[What to produce]
In your copy, reproduce each entry exactly and leave out the pictures.

[Source material]
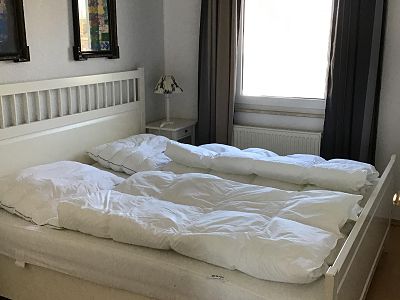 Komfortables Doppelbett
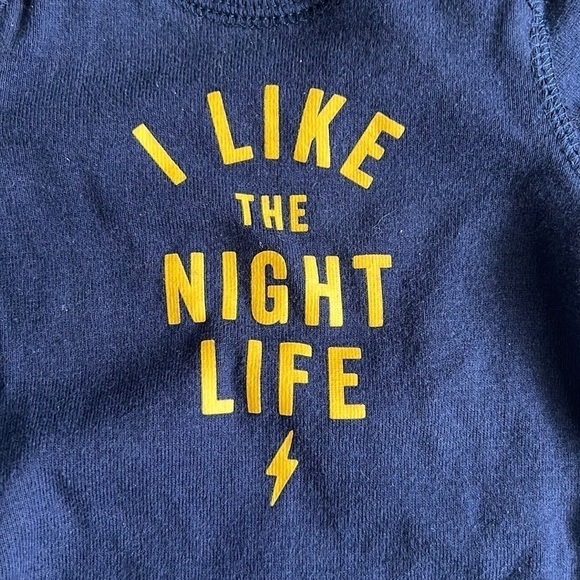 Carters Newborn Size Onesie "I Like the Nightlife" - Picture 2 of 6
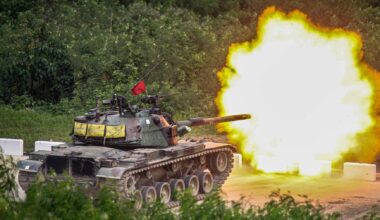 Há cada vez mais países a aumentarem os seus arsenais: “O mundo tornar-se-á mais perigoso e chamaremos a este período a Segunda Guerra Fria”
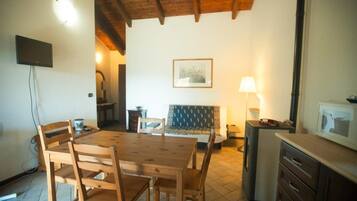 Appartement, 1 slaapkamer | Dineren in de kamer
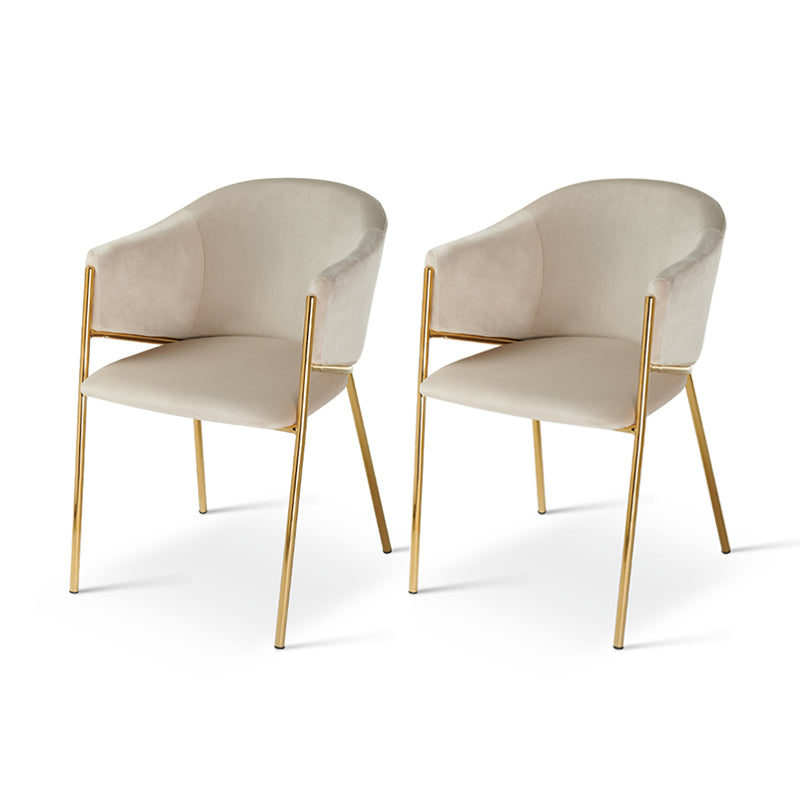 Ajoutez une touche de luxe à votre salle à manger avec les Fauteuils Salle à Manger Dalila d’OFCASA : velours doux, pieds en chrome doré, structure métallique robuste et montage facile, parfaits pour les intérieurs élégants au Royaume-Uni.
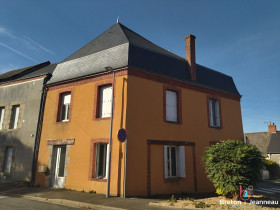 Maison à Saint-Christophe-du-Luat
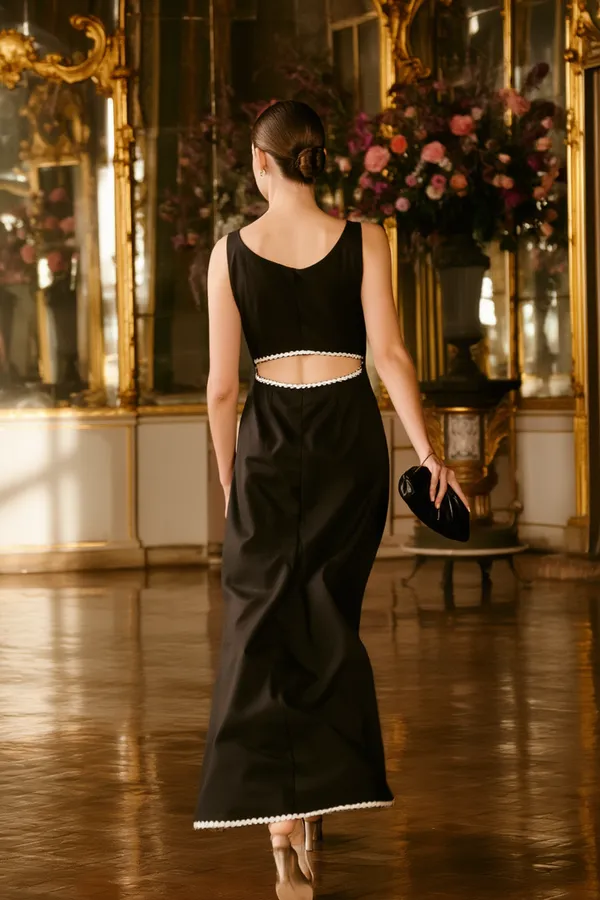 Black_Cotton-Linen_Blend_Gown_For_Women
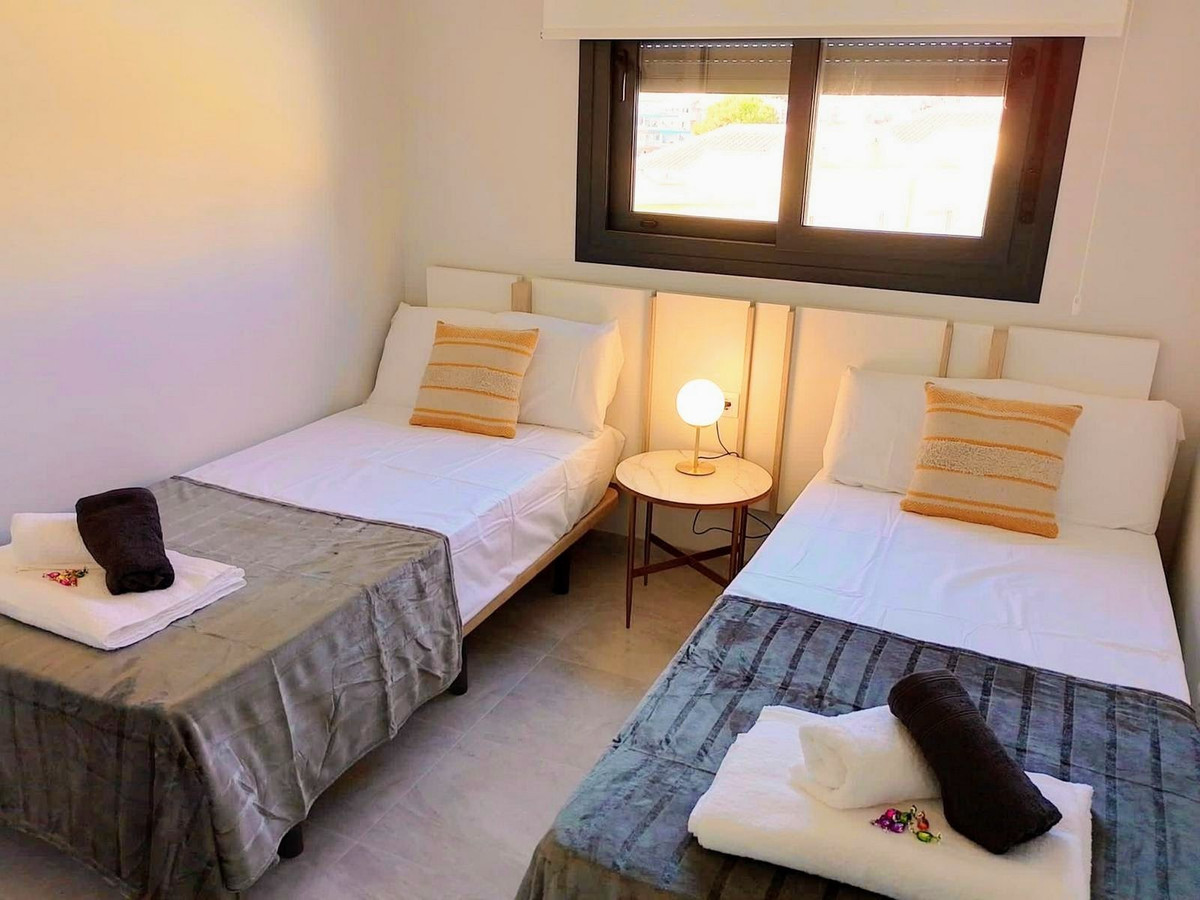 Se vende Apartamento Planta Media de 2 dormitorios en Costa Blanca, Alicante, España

[Response box]
 Komfortables Doppelbett
 Carters Newborn Size Onesie "I Like the Nightlife" - Picture 2 of 6
 Há cada vez mais países a aumentarem os seus arsenais: “O mundo tornar-se-á mais perigoso e chamaremos a este período a Segunda Guerra Fria”
 Appartement, 1 slaapkamer | Dineren in de kamer
 Ajoutez une touche de luxe à votre salle à manger avec les Fauteuils Salle à Manger Dalila d’OFCASA : velours doux, pieds en chrome doré, structure métallique robuste et montage facile, parfaits pour les intérieurs élégants au Royaume-Uni.
 Maison à Saint-Christophe-du-Luat
 Black_Cotton-Linen_Blend_Gown_For_Women
 Se vende Apartamento Planta Media de 2 dormitorios en Costa Blanca, Alicante, España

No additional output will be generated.